Methods: A total 2954 consecutive pts without significant coronary artery lesion who underwent Ach provocation test by injecting incremental doses of 20, 50, 100 ug into the left coronary artery between March 2004 and April 2009 were enrolled. Significant CAS was defined as focal or diffuse severe transient luminal narrowing (>70%) with/without chest pain or ST-T change on ECG. the Ach provocation test results and its associated parameters were compared between the younger pt group (<50 years old, n=1044 pts, mean age; 41.13 ± 7.4 years) and older pt group (≥50 years old, n=1910 pts, mean age; 62.06 ± 7.44).

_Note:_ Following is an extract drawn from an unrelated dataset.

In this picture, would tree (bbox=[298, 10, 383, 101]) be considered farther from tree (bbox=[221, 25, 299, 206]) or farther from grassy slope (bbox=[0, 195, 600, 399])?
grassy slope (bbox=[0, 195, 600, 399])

Results: Baseline clinical characteristics were similar between the two groups except that more male (58.3% vs. 42.0%, p<0.001) and smoker (38.9% vs. 24.3%, p<0.001) in younger patients group whereas more diabetes mellitus (16.3% vs. 6.0%, p<0.001), dyslipidemia (21.3% vs. 13.1%, p<0.001) and hypertension (54.2% vs. 32.6%, p<0.001) in older patients group. The rate of positive Ach provocation test was higher in the older pts group. Further, older pts group showed higher incidence of diffuse and multi-vessel spasm (Table).
Conclusion: In our study, we found that old age predisposes towards a higher chances of significant CAS, diffuse and multivessel spasm as assessed with the intracoronary Ach provocation test. Special care should be emphasized in older age pts present with vasospastic angina.